# Smell from Toilet



## cdoug55

Hey guys, sorry to post about this. I did a search and read some similar posts but just wanted to get a fresh opinion on my issue.

I bought my house in August and there has always been a strange smell coming from the toilet in the downstairs bathroom.  The tank water smells fine and looks very clean and I smelled around the base of the toilet and there is no smell. But if I smell the water in the bowl I get a strange odor, guess it could be a sewer smell.  It was pretty bad for about a month (maybe in Dec/Jan), but has sort of tapered off.  I also noticed that the level of water in the bowl tends to fluctuate.  Sometimes it is full up to the indentation line you see on most toilets and then sometimes it seems to reduce in amount.  Today for the heck of it I poured some extra water in there and  the level definitely went down over time.  

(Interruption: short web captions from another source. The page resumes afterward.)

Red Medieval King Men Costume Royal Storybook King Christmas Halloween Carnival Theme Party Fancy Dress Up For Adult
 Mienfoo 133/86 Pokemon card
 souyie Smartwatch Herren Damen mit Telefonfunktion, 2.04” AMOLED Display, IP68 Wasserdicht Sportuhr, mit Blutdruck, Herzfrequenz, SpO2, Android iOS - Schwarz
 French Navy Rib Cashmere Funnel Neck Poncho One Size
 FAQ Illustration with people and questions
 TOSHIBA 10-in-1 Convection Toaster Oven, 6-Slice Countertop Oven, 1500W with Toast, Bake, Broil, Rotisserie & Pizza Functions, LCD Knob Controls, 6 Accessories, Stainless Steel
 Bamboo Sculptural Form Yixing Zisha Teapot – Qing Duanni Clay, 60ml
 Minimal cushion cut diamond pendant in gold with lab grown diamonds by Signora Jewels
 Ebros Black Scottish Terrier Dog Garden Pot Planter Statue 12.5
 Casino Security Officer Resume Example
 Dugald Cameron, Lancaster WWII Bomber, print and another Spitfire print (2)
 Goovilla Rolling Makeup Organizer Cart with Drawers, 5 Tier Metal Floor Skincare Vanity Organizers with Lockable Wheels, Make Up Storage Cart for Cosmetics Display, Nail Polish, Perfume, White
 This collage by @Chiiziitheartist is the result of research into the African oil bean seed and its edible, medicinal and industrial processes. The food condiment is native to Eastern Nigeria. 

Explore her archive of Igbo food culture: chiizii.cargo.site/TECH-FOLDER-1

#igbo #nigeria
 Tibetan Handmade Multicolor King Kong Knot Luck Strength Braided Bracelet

Can someone just give me some ideas with basic explanations.  I have to admit this is my first home and I am not exactly familiar with everything.  Im learning things, but don't have a ton of background knowledge.  Thanks everyone.


----------



## majakdragon

Possible you have a crack inside the bowl and the water is leaking into the drain pipe (leaving no sign of a leak). If so, you are correct about it being a sewer gas smell. Unless the trap is full, there is no water seal to block out the gas.


----------



## inspectorD

If you live in Upstate NY you could have just a sulfer problem. There are many sulfer smelling wells in the finger lakes areas. My cousins live in Watkins glenn area and their water had to be treated with an Air raider water treatment system for radon in the water. Have your water tested from a water company or your area health dept. 
Let us know what you find out.


----------



## jdougn

The water level flucuation in the bowl is probably pretty normal. Atmospheric pressure and wind will cause it to vary considerably.  The water in the bowl prevents sewer gases from coming back into the house. If there is only a very very small amount of water in the bottom of the bowl there could be a venting problem. Flush another toilet in the house and listen for gurgling from the downstairs toilet or rapid water loss. Also, the toilet sits on a wax seal that prevent gasses from escaping the drain line so it may need replacing. 
hth, Doug


----------



## cdoug55

Thanks for the responses guys.  I have not had the water tested, but I will look into it.  The smell fluctuates from day to day as well.  You know some days its pretty prevalent and others not so much.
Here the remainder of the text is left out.